In the summer of 2008 I went to a day of lectures at the University of Cambridge to commemorate the ecumenical visit of a group of Germans to England in 1908 (reciprocated in 1909). The morning lecture was just brilliant: the retired German theologian Jurgen Moltmann giving an overview of German theology from the nineteenth to the twenty-first century. Now this might not sound the most exciting way to spend a hot summer day, but this elderly academic, speaking in superb, faultless English, was interesting, funny, wise and perceptive. To anyone interested in theological development in the last century it was a unique opportunity to hear the great man do his stuff.
Over lunch I mentioned to him that I would like to read his autobiography, but wanted to read it in German and not English. I immediately forgot the title of the book and thereafter kept forgetting to order it.

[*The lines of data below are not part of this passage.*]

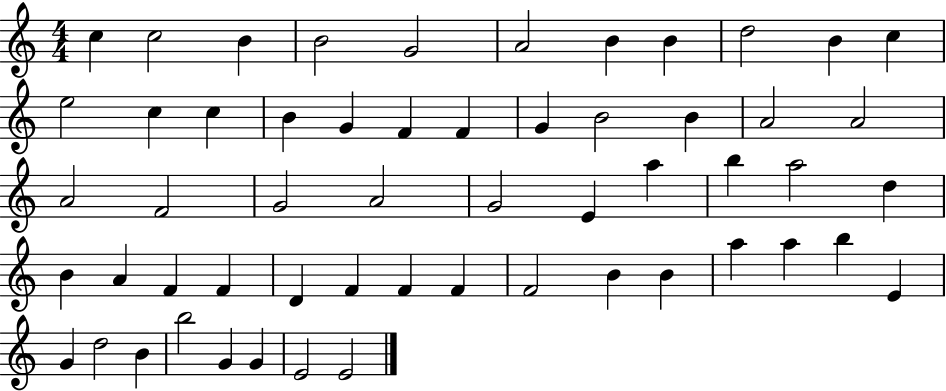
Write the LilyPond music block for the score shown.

{
  \clef treble
  \numericTimeSignature
  \time 4/4
  \key c \major
  c''4 c''2 b'4 | b'2 g'2 | a'2 b'4 b'4 | d''2 b'4 c''4 | \break e''2 c''4 c''4 | b'4 g'4 f'4 f'4 | g'4 b'2 b'4 | a'2 a'2 | \break a'2 f'2 | g'2 a'2 | g'2 e'4 a''4 | b''4 a''2 d''4 | \break b'4 a'4 f'4 f'4 | d'4 f'4 f'4 f'4 | f'2 b'4 b'4 | a''4 a''4 b''4 e'4 | \break g'4 d''2 b'4 | b''2 g'4 g'4 | e'2 e'2 | \bar "|."
}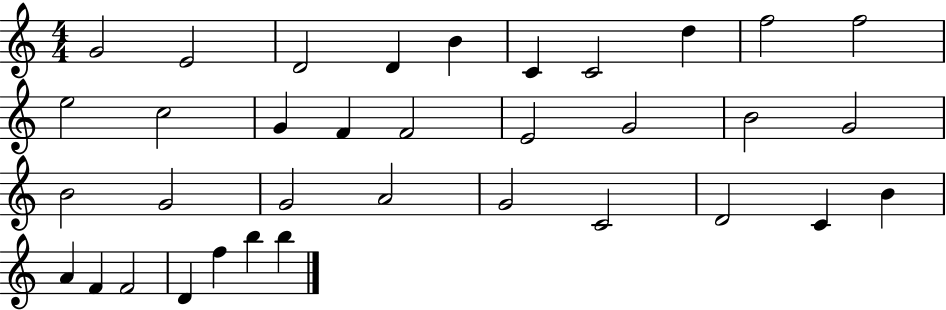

A couple of months later I was with a group of bishops at Lambeth Palace for a theology day with the Archbishop of Canterbury – another brilliant, stimulating and challenging day. After lunch I approached the Archbishop with a query I had been too embarrassed to ask Moltmann in Cambridge. During his lecture Moltmann had suddenly quoted something that sounded deep and ‘old’. I wanted to ask where it came from, but thought I would look conspicuously ignorant among a load of keen Cambridge academics. So, I asked Rowan if he knew where this had come from – the Desert Fathers perhaps? It went like this:
God is our happiness. God is our torment. God is the wide space of our hope.
Rowan thought about it for a moment and then said: ‘I think he was probably quoting himself.’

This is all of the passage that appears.